When a person dies, the law requires that his will be submitted to probate at the New York Surrogate’s Court. The witnesses should complete affidavits certifying that as far as they were aware, the deceased was of sound mind when he signed. Problems may arise if the will was written a long time prior to probate and the witnesses are no longer residents in the state or are, perhaps, themselves deceased. To avoid these issues, the person writing the will can make it self-proving at the time of signing.

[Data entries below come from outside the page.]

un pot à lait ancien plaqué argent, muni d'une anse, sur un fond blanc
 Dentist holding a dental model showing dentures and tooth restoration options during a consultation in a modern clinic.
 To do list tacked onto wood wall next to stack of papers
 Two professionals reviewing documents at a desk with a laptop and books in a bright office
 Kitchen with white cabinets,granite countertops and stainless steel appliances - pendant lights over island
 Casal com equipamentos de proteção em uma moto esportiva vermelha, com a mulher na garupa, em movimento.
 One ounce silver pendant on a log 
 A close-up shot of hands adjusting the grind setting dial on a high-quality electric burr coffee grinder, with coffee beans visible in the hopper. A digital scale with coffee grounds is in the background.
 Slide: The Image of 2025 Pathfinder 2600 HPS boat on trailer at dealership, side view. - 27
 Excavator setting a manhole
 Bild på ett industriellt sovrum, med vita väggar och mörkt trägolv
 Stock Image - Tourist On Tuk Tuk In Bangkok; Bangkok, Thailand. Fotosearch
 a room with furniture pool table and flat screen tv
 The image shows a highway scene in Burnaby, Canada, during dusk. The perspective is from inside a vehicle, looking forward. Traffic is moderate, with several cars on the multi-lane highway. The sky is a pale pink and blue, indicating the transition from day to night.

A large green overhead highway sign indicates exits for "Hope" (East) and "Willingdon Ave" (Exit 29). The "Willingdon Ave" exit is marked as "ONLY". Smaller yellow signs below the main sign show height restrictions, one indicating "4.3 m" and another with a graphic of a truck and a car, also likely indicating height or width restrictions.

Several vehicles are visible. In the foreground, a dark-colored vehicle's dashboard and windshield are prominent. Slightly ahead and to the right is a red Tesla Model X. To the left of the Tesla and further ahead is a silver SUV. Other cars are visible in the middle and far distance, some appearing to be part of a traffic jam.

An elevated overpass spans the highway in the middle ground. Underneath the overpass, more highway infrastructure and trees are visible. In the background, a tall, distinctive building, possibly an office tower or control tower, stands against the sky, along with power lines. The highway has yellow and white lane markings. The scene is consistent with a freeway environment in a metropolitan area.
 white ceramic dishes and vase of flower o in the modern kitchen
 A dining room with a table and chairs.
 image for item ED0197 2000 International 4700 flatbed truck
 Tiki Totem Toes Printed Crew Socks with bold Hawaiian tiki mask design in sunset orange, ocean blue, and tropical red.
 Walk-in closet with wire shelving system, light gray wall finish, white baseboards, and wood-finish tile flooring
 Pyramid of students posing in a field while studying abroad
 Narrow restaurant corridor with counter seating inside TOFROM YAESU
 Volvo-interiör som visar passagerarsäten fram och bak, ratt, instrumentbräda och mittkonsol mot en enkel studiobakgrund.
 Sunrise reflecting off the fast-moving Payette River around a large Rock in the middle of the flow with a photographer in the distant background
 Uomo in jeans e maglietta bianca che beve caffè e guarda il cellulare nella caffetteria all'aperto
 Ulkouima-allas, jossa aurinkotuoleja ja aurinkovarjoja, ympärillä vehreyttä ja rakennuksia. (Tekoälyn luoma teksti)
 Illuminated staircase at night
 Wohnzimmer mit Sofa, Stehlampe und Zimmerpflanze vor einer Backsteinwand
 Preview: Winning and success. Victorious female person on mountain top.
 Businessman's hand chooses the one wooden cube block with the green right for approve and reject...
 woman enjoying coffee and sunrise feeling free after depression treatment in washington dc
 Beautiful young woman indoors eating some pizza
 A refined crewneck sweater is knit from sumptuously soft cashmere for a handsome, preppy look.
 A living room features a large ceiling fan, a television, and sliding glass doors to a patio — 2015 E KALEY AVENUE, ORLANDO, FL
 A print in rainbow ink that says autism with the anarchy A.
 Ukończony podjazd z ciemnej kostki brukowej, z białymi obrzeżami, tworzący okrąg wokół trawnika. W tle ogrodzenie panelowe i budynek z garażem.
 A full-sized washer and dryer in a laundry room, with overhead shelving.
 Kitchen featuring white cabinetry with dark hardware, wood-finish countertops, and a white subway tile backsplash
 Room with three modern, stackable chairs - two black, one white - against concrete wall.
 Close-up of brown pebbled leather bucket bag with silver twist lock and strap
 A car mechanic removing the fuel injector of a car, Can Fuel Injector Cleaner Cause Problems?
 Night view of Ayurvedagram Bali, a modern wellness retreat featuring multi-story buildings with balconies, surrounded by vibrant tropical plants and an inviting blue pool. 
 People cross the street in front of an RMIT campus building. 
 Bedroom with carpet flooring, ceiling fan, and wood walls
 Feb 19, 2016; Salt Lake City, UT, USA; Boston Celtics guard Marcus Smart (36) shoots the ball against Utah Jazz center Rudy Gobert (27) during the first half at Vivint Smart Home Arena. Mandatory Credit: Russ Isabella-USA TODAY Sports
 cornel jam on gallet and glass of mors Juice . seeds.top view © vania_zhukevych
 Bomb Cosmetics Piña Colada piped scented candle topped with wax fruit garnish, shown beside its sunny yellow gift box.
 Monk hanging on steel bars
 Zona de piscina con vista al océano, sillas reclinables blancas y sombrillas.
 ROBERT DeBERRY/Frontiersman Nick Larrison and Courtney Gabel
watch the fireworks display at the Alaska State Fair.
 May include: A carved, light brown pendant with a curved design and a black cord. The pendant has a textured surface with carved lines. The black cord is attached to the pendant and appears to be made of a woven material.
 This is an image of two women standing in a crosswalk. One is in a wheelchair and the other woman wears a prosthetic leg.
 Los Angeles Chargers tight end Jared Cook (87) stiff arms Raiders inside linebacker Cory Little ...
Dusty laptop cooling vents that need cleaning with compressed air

Self-Proving a Will in New York
Section 1406 of the New York Code states that either or both witnesses to a will may swear an affidavit before a notary public or an officer authorized to administer oaths, confirming that the writer of the will was in sound mind at the time of signing and was competent to make the will. Any court must accept that affidavit in the future as if it had been made in court, unless someone raises an objection, or the court wishes for any other reason to examine the witnesses in person. The writer of a will can arrange for a self-proving affidavit at any time.
Section 3-2.2 of the New York Code allows members of the armed forces to make oral wills, also known as nuncupative wills. To be valid, at least two witnesses should provide evidence regarding the provisions of the oral will. Nuncupative wills cannot be self-proving, because the probate court will require the statements of the witnesses to attest to the will when the writer dies.